India’s music industry ended 2025 in expansion mode. Live calendars were fuller than they have been in years. Multi-city tours scaled across formats. Brand-backed intellectual properties deepened their footprint. Streaming audiences continued to grow, and Indian artists maintained visibility both domestically and overseas.
By most surface indicators, this has been a strong year.
Yet beneath the growth narrative lies a more structural question. As the ecosystem expands, who is building sustainable careers within it, and on what terms? The issue is not demand. It is durability.
Across conversations with promoters, managers, producers, and artists, a consistent picture emerges. The Indian music business is no longer informal or experimental. It is becoming disciplined, data-led, and commercially structured. That maturity brings opportunity. It also brings pressure.
Live Music Is Bigger and More Calculated
The live sector illustrates this shift most clearly.

According to Shoven Shah, Founder and CEO of TribeVibe Entertainment, demand across formats has remained strong, with many shows averaging near 90 percent capacity. The expansion is visible not only in metros but increasingly across Tier 2 and Tier 3 markets.
But what defines 2025 is not just higher attendance. It is operational maturity.
Tours are now designed around data insights, route optimisation, and calibrated production spends. Multi-city runs allow for cost efficiencies and stronger predictability. Brand partnerships are integrated earlier in the planning cycle, aligning creative concepts with commercial structure from the outset.
The industry, in other words, is thinking less about one-off events and more about repeatable touring models.
This shift benefits those who can operate at scale with clarity. It also narrows the margin for improvisation.
Diversification Is No Longer Optional
For managers, sustainability now requires structured diversification.
Agam Walia, who co-leads the artist management division at TM Talent Management and manages Osho Jain, describes stability as a function of predictable income across multiple revenue lines. Live performance, digital content, brand partnerships, and intellectual property must operate together.

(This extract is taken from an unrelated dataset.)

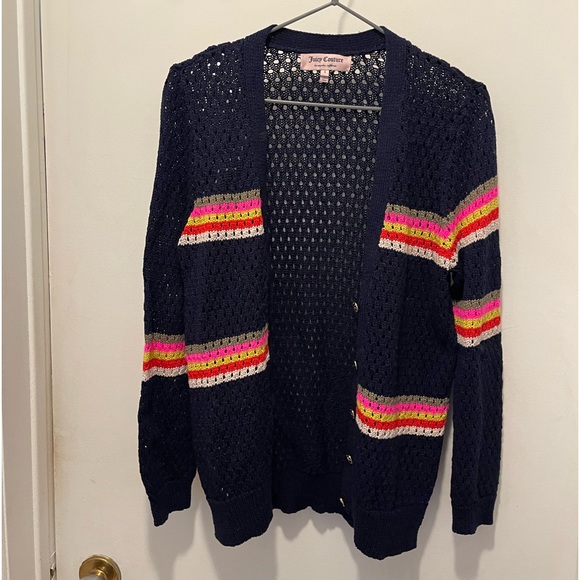 Juicy Couture. Woman’s sm cardigan navy blue with colourful stripes. Cotton - Picture 7 of 7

Brand partnerships have moved from supplementary income to foundational pillars. At the same time, rising production costs and tighter margins have made selectivity essential. Teams are making fewer decisions, but with greater strategic intent.
The ecosystem may be larger, but the filters are sharper. Scale, narrative clarity, and consistency increasingly determine access to opportunity.
Planning over multi-year horizons has become more complex. Speed is rewarded. Patience remains necessary.
Global Visibility, Limited Conversion
International touring adds another layer of complexity.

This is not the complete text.